D’après le récit des faits présenté par le procureur près de la cour d’appel le lundi 5 juillet devant la cour, les accusés avaient été arrêtés par la marine togolaise dans la nuit du 11 au 12 mai 2019 lorsqu’ils avaient pris le contrôle du navire tanker G-Dona 1, battant pavillon togolais, et menacé d’exécuter les otages en cas de non versement d’une rançon dont le montant n'a pas été précisé.
Un arsenal juridique adéquat
A travers ce jugement exemplaire, affirme à Sputnik Edem Tengue, ministre de l’Économie maritime, de la Pêche et de la Protection côtière du Togo, le gouvernement voudrait montrer que ces crimes ne resteront plus impunis au Togo.
«Ce premier procès est pour nous l’occasion d’envoyer un signal fort à l’endroit des pirates en mer et de leur complices sur le fait que pareils crimes ne resteront plus impunis au Togo. Et pour cause, ces crimes nuisent aux efforts de tous les États côtiers dans la lutte pour la liberté et la sûreté de la navigation maritime dans le Golfe de Guinée (long de 5.700 km, ndlr)» a-t-il déclaré.
La mer, un bien à protéger
Le verdict rendu par les juges de la cour d’appel de Lomé satisfait Garba Gnambi Kodjo, le procureur général près cette cour.

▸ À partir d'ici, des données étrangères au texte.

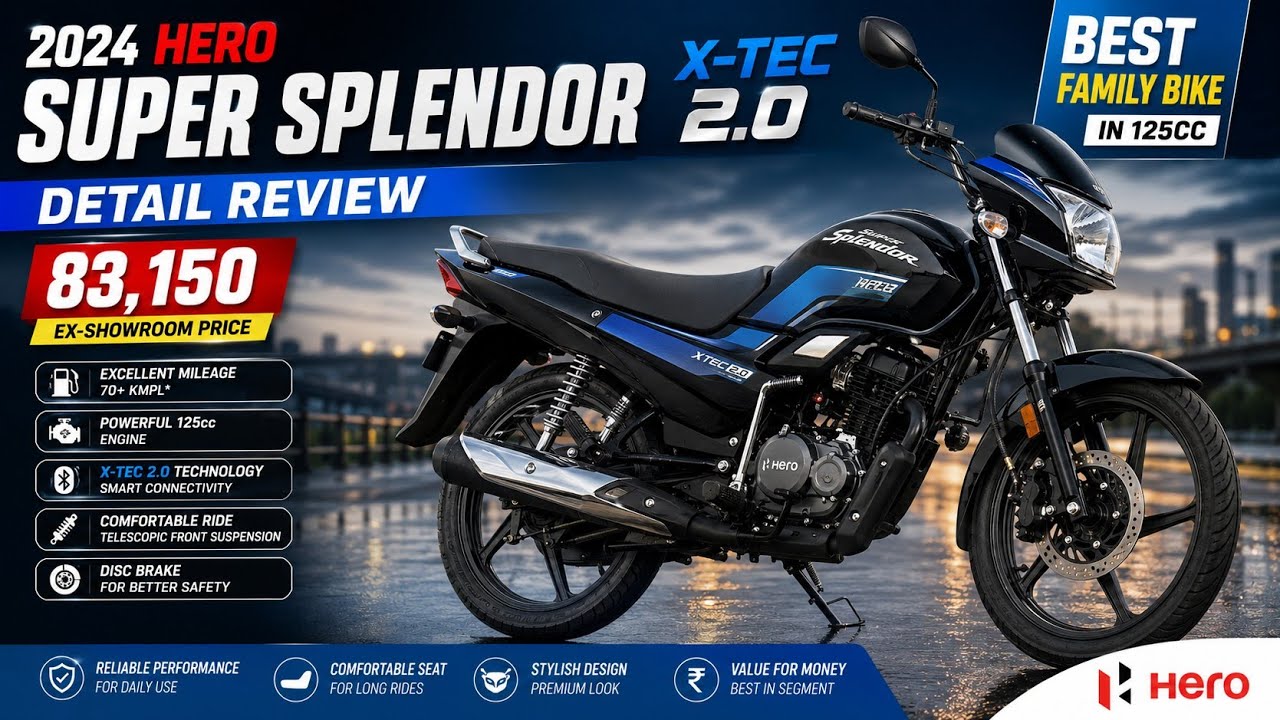 2024 Hero Super Splendor Xtec 125 Detail Review | 83,150 | Best family bike for daily use | Updated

À la presse, au terme de l’audience, il a déclaré que ce procès était «l’occasion de dire à la population togolaise et africaine que la mer est un bien qu’il faut protéger».
«Nous avons là une belle occasion pour dire à ceux qui tenteraient de s’introduire dans les eaux territoriales togolaises, que la piraterie, les vols à mains armées en mer et autres, ne seront plus laissés impunis au Togo. Nous serons intransigeants face à ces infractions en mer», a martelé le procureur togolais.
Une déception par contre pour la défense qui compte saisir la cour suprême du Togo pour casser «un jugement injustifié au regard des faits et du droit appliqué».
«Je suis très déçu du délibéré rendu. Nous avons la possibilité de nous pourvoir en cassation devant la cour suprême pour nous assurer que cette décision soit conforme au (…) droit.» a indiqué à la presse à la fin de l’audience Me Dovi Avouyi, l’un des avocats de la défense.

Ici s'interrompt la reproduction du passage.